*PROBLEM DESCRIPTION:*
Nothing but the pictures should be dropped; repeat the rest of the data below exactly.

[[ COLLECTED DATA open ]]

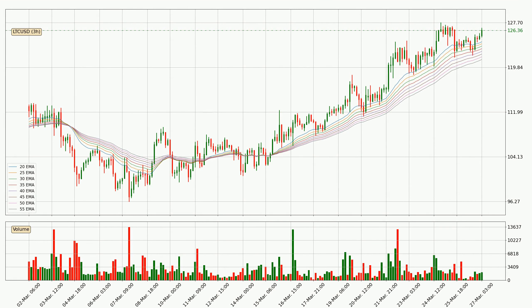Looking at the three-hourly exponential moving averages, at the moment the price is above the three-hourly ribbon, which can be perceived as bullish, and the ribbon could play as a support. This means that you should watch if the price could bounce off the ribbon. The current price to watch is around 121. The ribbon is relatively spread out, so the support should be considered.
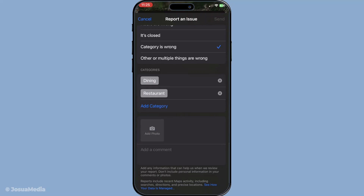Once you've reviewed and adjusted all the information, it's time to finalise your changes. Submit your update by following the on-screen instructions. Apple will receive your request, but keep in mind that the process doesn't end there. Apple takes care to verify the accuracy of updates before they are displayed in Apple Maps, so your changes won't appear immediately. You'll need to wait for Apple to review and approve your submission. This verification process ensures all information in Apple Maps remains reliable for users.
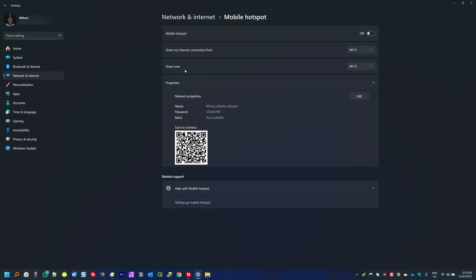Going down we have the Share Over option. If you look on the right side you can see that mine is set to Wi-Fi. If you click on this small arrow it will bring another option — in this case I have Bluetooth. So you can share internet through Wi-Fi or Bluetooth. I have mine always set to Wi-Fi.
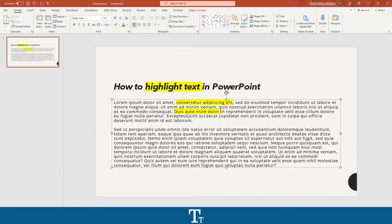So that is actually how to highlight part of your text in PowerPoint. Thank you so much for watching. I hope this video was helpful. Don't forget to subscribe and like the video. That was all for now. See you in the next one.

[[ COLLECTED DATA closed ]]

*RESULT OF THE TASK:*
Looking at the three-hourly exponential moving averages, at the moment the price is above the three-hourly ribbon, which can be perceived as bullish, and the ribbon could play as a support. This means that you should watch if the price could bounce off the ribbon. The current price to watch is around 121. The ribbon is relatively spread out, so the support should be considered.
Once you've reviewed and adjusted all the information, it's time to finalise your changes. Submit your update by following the on-screen instructions. Apple will receive your request, but keep in mind that the process doesn't end there. Apple takes care to verify the accuracy of updates before they are displayed in Apple Maps, so your changes won't appear immediately. You'll need to wait for Apple to review and approve your submission. This verification process ensures all information in Apple Maps remains reliable for users.
Going down we have the Share Over option. If you look on the right side you can see that mine is set to Wi-Fi. If you click on this small arrow it will bring another option — in this case I have Bluetooth. So you can share internet through Wi-Fi or Bluetooth. I have mine always set to Wi-Fi.
So that is actually how to highlight part of your text in PowerPoint. Thank you so much for watching. I hope this video was helpful. Don't forget to subscribe and like the video. That was all for now. See you in the next one.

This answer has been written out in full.